Suarakampus.com- Pengesahan Peraturan Pemerintah No.70 Tahun 2020 beberapa waktu yang lalu oleh Presiden Republik Indonesia (RI) Joko Widodo, menuai kritik dan tanggapan dari Nurani Perempuan Womens Crisic Center (NPWCC), Kamis (07/01).
Sebagai informasi, Peraturan Pemerintah No. 70 Tahun 2020 membahas ditetapkannya Tata Cara Pelaksanaan Kebiri Kimia, Pemasangan Alat Pendeteksi Elektronik, Rehabilitasi, serta Pengumuman Identitas Pelaku Kekerasan Seksual Terhadap Anak.
Selaku Pelaksana Tugas (Plt) NPWCC, Rahmi Meri Yenti mengatakan kendati sang pelaku kejahatan seksual telah dikebiri atas perbuatannya, tidak lantas menghilangkan cara berfikir pelaku untuk menyalurkan hasrat seksualnya. “Kalaupun pelaku dikebiri, mereka tentu akan mencari cara lain menyalurkan keinginan seksualnya,” jelasnya.
Lanjutnya, pelaksanaan hukuman kebiri ini juga ditentang oleh Ikatan Dokter Indonesia (IDI) karena dianggap cukup berbahaya. “Tindakan kebiri kimia akan merusak fisik dan psikis pelaku,” ucapnya saat diwawancarai suarakampus.com via zoom.

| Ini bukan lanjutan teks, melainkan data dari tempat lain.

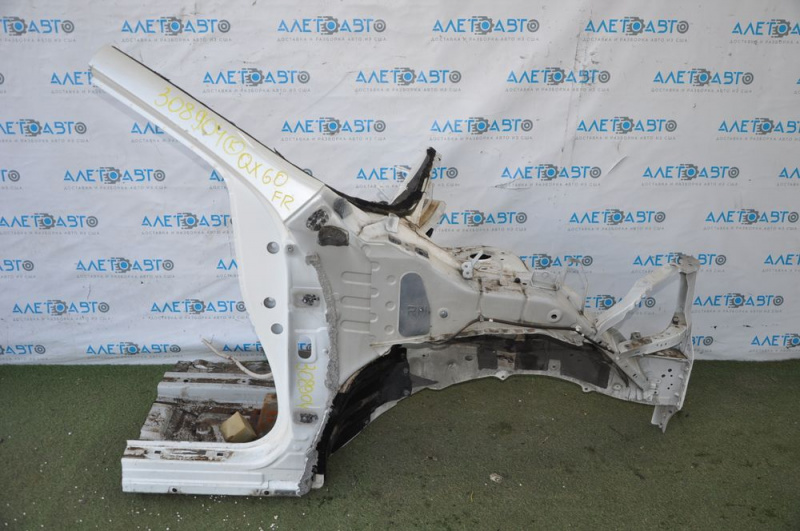 Front right quarter Infiniti JX35 QX60 13-white
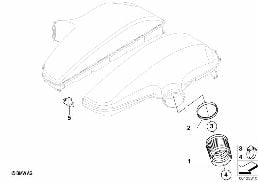 MOUNTING PARTS F INTAKE MANIFOLD SYSTEM diagram for BMW 5 Series E61 LCI M5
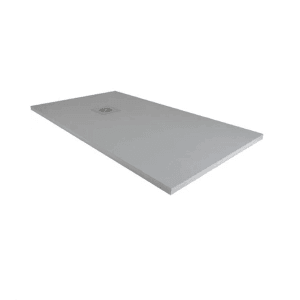 Frascio New Tecnology Duschwanne 75x150 cm, dunkelgraue Steinoptik mit Abfluss.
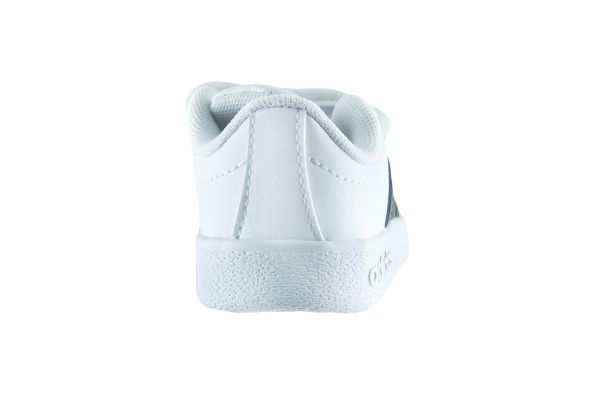 Παιδικό Αθλητικό Adidas Vl Court 2.0 Cmf1 Δερμάτινο Χρώματος Λευκό DB1839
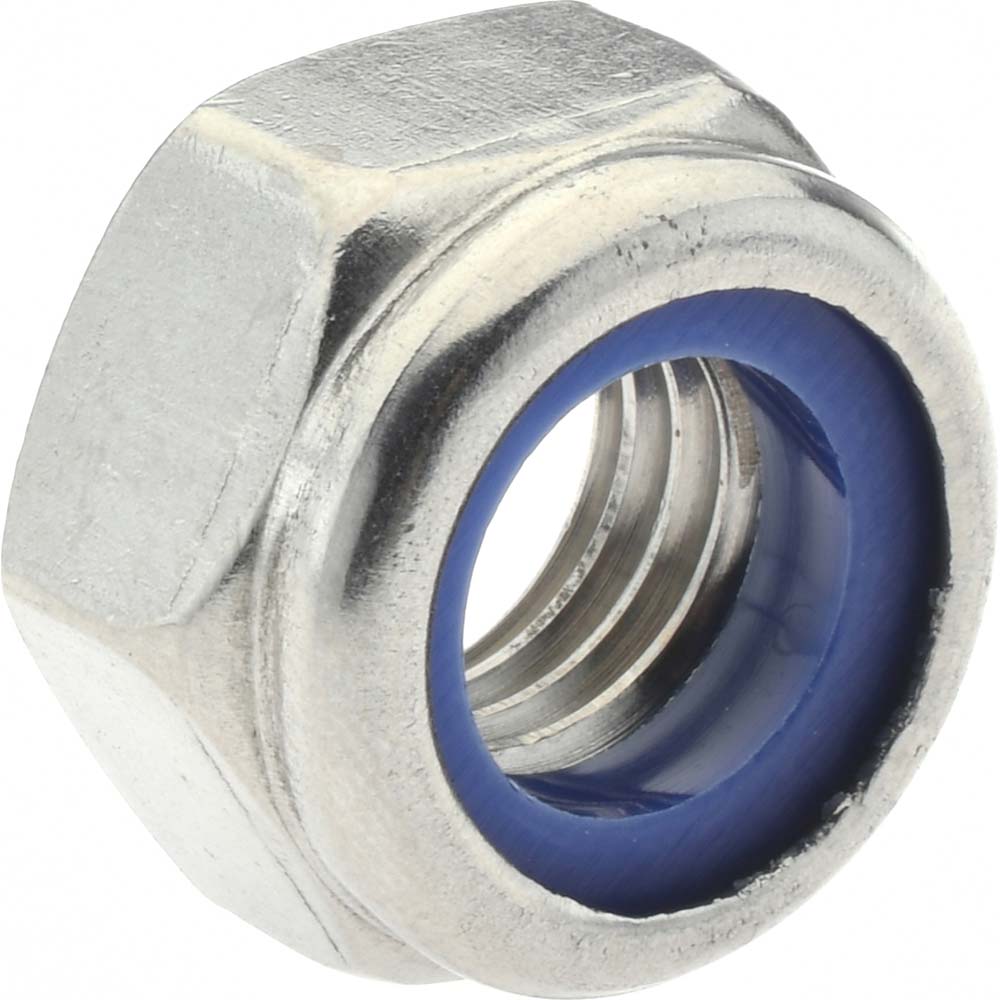 Value Collection A410306 Hex Lock Nut Insert, Nylon Insert, Grade 316 & A4 Stainless Steel, Uncoated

Lalu pemerintah hendaknya lebih memfokuskan kembali pola rehabilitasi kepada pelaku, dengan catatan penanganan yang cukup serius melalui psikolog dan psikiater profesional ketimbang memaksakan hukuman kebiri tersebut.
“Pemerintah bisa saja menyiapkan anggaran yang cukup untuk program rehabilitasi tersebut sehingga psikolog maupun psikiater bisa melakukan profesinya dengan maksimal,” tandasnya.
Untuk itu, ia berpesan agar pemerintah bersikap serius menangani kasus kekerasan seksual, apalagi terhadap anak. “Hendaknya pemerintah tinjau kembali setiap kebijakan yang pernah dibuat untuk menghadirkan dampak baik tanpa menimbulkan permasalahan baru,” harapnya.
“Apakah negara bisa menjamin ketika seorang korban dianiaya oleh pelaku karena dia sudah merasa dirinya sangat teraniaya? siapa yang akan menjamin kehidupan korban maupun pelaku kedepannya, apakah pemerintah mampu menjamin?,” tutupnya.